Drupal 4 Gov

Accessibility as a journey, not a checklist: creating an inclusive website incrementally
2026-01-29 , Session Room

In the public sector, digital accessibility is not just a compliance task - it is a cornerstone of trust and inclusive service. Over the past two years, the European Medicines Agency (EMA) has pursued a structured, continuous accessibility journey across its Drupal-based website, driven by the European Commission’s Web Accessibility Directive and Digital strategy, which support a broader push for inclusive digital public services across the EU. EMA combined automated monitoring with manual testing by accessibility specialists to identify, prioritise, and address accessibility issues systematically, turning each website improvement into an opportunity for inclusion.
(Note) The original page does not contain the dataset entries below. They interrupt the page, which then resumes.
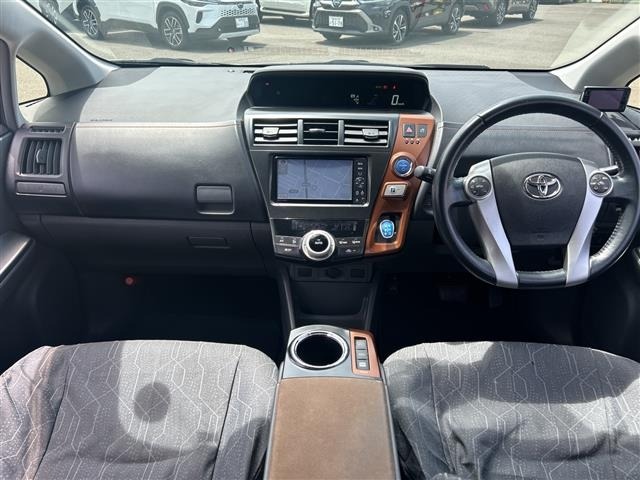 Toyota PRIUS 2012 7988494-15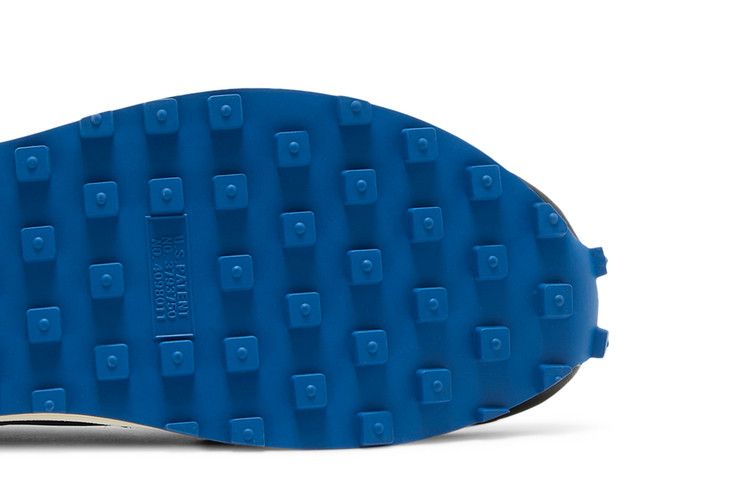 LD Waffle sacai Undercover Night Maroon Team Royal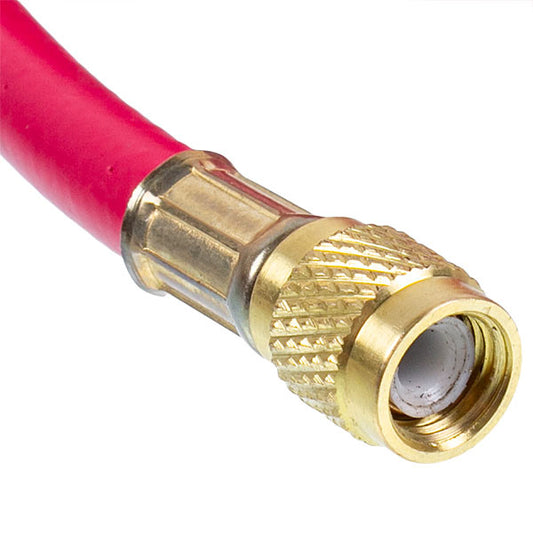 Filling Hose CT-360 Whicepart L=1500mm 1/4''-5/16'' SAE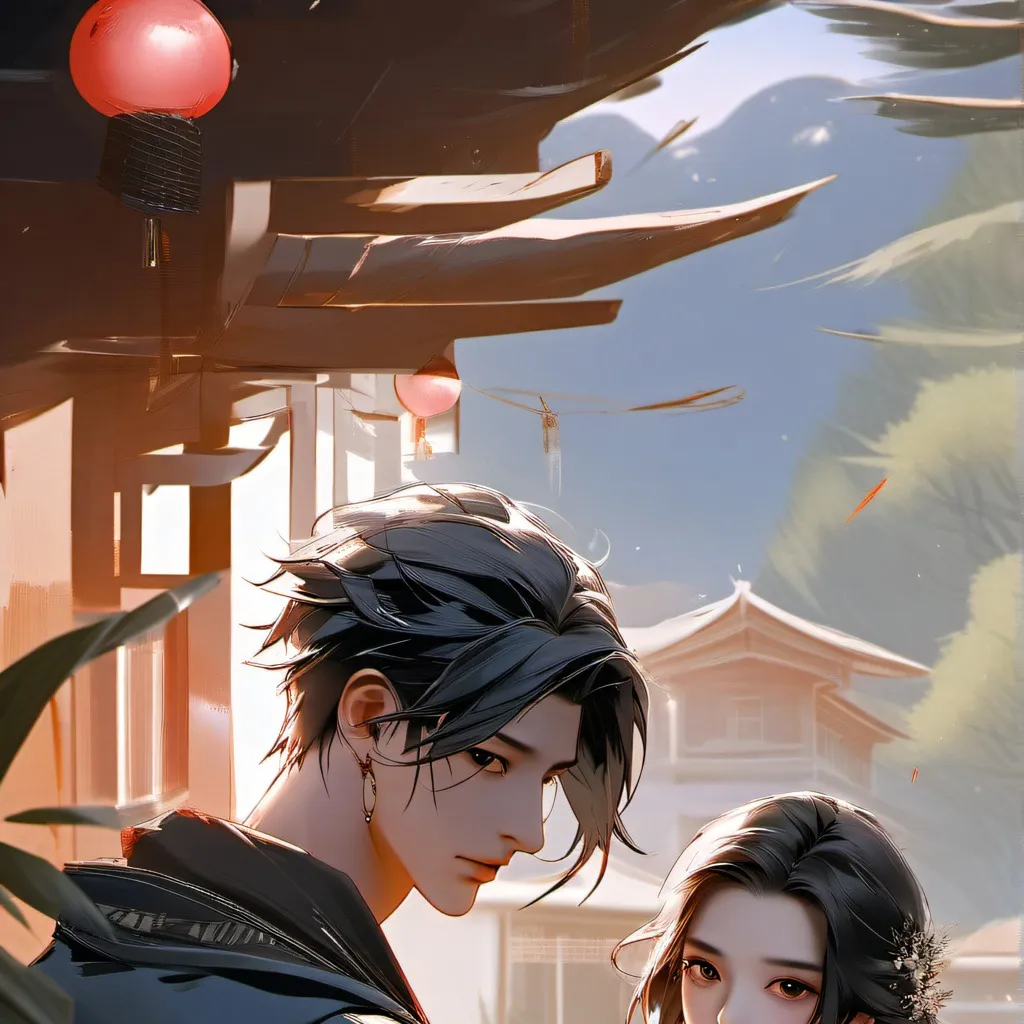 chat with ai character: Jase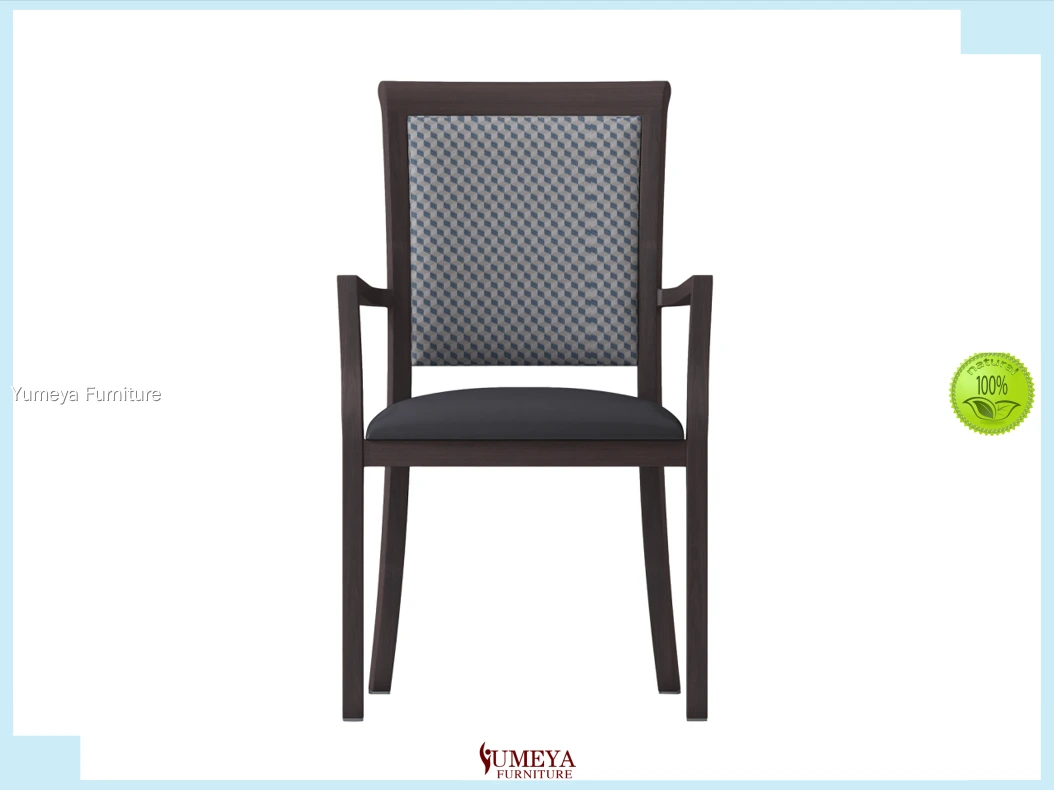 New chairs for care homes supplier | Yumeya Furniture 1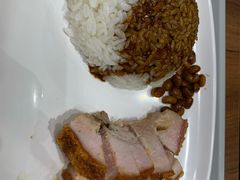 -了凡油鸡饭·面(台北101店)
In this session, EMA will share how it embedded accessibility into its release cycles — making each monthly deployment an opportunity for incremental improvement (e.g. keyboard navigation, screen reader support, colour contrast enhancements, consistent behaviour). Beyond technical, we will explore how organisational awareness was built: translating web accessibility guidelines into guidance and requirements and making accessibility a shared responsibility across UX, design, development and content creation.

Attendees will gain practical insights and approaches to embed accessibility into their websites. This session is intended to spark collaboration and learning across agencies and teams, helping others elevate accessibility from a ‘checklist’ to an intrinsic part of their work.

Takeaways:
• Approaches to prioritising and tracking accessibility work
• How to integrate mixed-mode testing (automated + manual) into regular release pipelines
• Techniques for fostering accessibility awareness across teams
• Lessons, pitfalls, and plans for next steps toward accessibility maturity

Intended audience:
Digital leaders, accessibility champions, designers, developers, UX and editorial teams.

Estela has worked at the European Medicines Agency (EMA) for over a decade, providing strategic guidance and hands-on support to enhance the user experience, accessibility, and search visibility of the agency’s Drupal-based website.

Collaborating closely with developers, UX teams, and content editors, she ensures accessibility is embedded early in design, development, and editorial workflows, with a focus on meaningful content structure, semantics, and usability for people using assistive technologies.

She also contributes to enhancing open-source components shared across European institutions, supporting EMA and other europa.eu websites in delivering more inclusive digital public services.